Carta ao (à) Monitor(a) da matéria

Caro Monitor,

Esta carta é para você, cupincha do professor, que, como ele, pensa que eu tenho que aprender algo neste curso. Como você já deve ter lido a carta ao professor – ele certamente já lhe mostrou minha outra carta – espero que tenha acordado.

Você, que é aluno como a gente, deveria pensar mais nos amigos. Não tem nada demais em irmos todos à festa, enquanto você resolve a lista de exercícios, cara! Deixa de ser estúpido! Só porque o professor é imbecil, você não precisa sê-lo. Claro que você não se divertirá, mas teremos outros churrascos. Quem sabe, até te arrumamos umas “mulheres”, se é que você me entende?

Monitor deveria resolver todos os exercícios para seus camaradas! Por que é que vamos à monitoria? Porque queremos conversar durante a aula! Queremos mandar emails, “tuítar”, postar no Facebook! À noite tem balada e, assim, como é que vamos fingir que estamos estudando para enganar o professor e o coordenador da escola? Só com a ajuda do monitor!

Mas, não! Você tinha que seguir o que ele falou… Quer nos ensinar, diz para gente que ler o livro antes de fazer o exercício é bom, e toda aquela lenga-lenga de nerd. Você é um babaca! Você é um traidor! Você não nos dá o gabarito. Por que? Custa tanto assim para você resolver tudo e nos dar? Nem estamos pedindo explicação!!

Eu não entendo você, monitor. Você diz que quer nos ajudar, mas você não faz nada para a gente. Sua obrigação é fazer tudo para a gente. Ainda mais se a faculdade for privada! Aí, meu caro, você não é nada mais do que um faxineiro para a gente. Pega o boi quando te consideramos amigo (e, mais do que nunca, você nem deveria mesmo ir à festa para ficar em casa fazendo nossas listas)…

Olha, veja se aprende, monitor. Não queremos nada deste negócio de interpretar textos, de aprender regras da redação científica, ou o modo de se resolver qualquer exercício. Queremos, isto sim, que você nos poupe tempo, dando-nos o gabarito. Pouco importa se não aprendemos a fazer ou se não mostramos a você nossas dúvidas para você – supostamente – ensinar algo para a gente. Já falei na outra carta, a do professor, que nós somos muito mais inteligentes do que ele.

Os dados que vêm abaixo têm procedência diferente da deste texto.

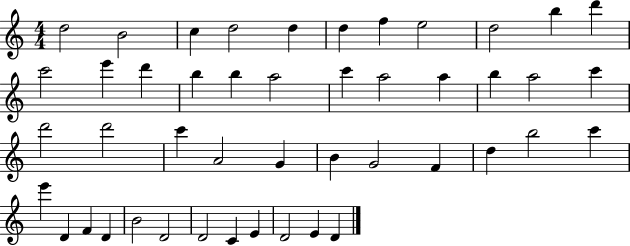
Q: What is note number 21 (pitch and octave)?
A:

Por que é que você insiste em reproduzir este modelo babaca de ensino com a gente? Você é nosso chapa, mas lembre-se que é sua obrigação nos ajudar. Não que a gente precise de ajuda assim, deste jeito. Gente como a gente não pergunta, não faz exercícios porque não faz sentido mostrar aos outros que temos dúvidas. Aliás, eu não tenho dúvida alguma. Meus colegas é que têm vergonha de perguntar na frente das meninas. Queima o filme, sabe? E por que estamos na faculdade? Para pegar mulherada, fazer amigos novos e sugar um pouco de alguns que não são nossos amigos, mas dão-nos “status”.

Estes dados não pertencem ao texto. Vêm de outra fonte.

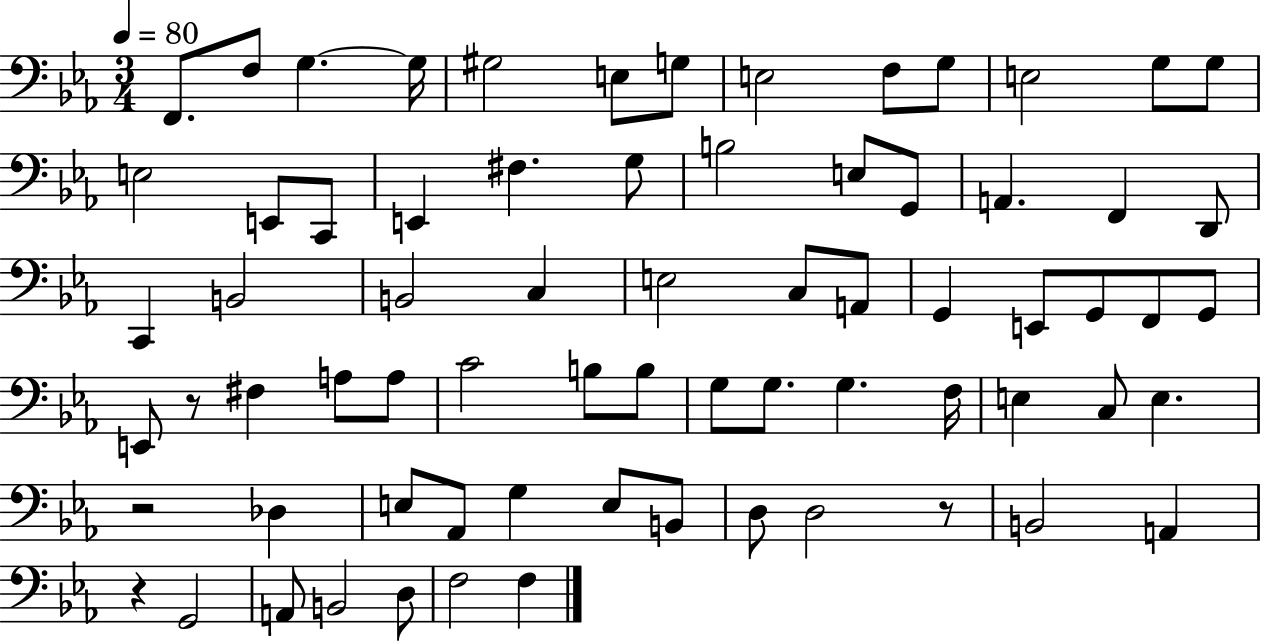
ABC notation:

X:1
T:Untitled
M:3/4
L:1/4
K:Eb
F,,/2 F,/2 G, G,/4 ^G,2 E,/2 G,/2 E,2 F,/2 G,/2 E,2 G,/2 G,/2 E,2 E,,/2 C,,/2 E,, ^F, G,/2 B,2 E,/2 G,,/2 A,, F,, D,,/2 C,, B,,2 B,,2 C, E,2 C,/2 A,,/2 G,, E,,/2 G,,/2 F,,/2 G,,/2 E,,/2 z/2 ^F, A,/2 A,/2 C2 B,/2 B,/2 G,/2 G,/2 G, F,/4 E, C,/2 E, z2 _D, E,/2 _A,,/2 G, E,/2 B,,/2 D,/2 D,2 z/2 B,,2 A,, z G,,2 A,,/2 B,,2 D,/2 F,2 F,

Para o inferno com esta história de pedagogia e sala de aula, cara! Pesquisa é coisa de gente louca. Deixa isso para o professor, que é, vou repetir, um babaca. Você deveria vir conosco. Tem muita parada rolando que você vai gostar. Alguns até usam uns adicionais, se é que você me entende, bons que ajudam muito com a galera. Você vai pegar muitas gatas – ou gatos, se for monitora.

Assim, não queira nos ensinar, cara. Seja obediente e me traga sempre as soluções prontas. Cumpra seu papel na sociedade que nós mantemos nossa amizade com você.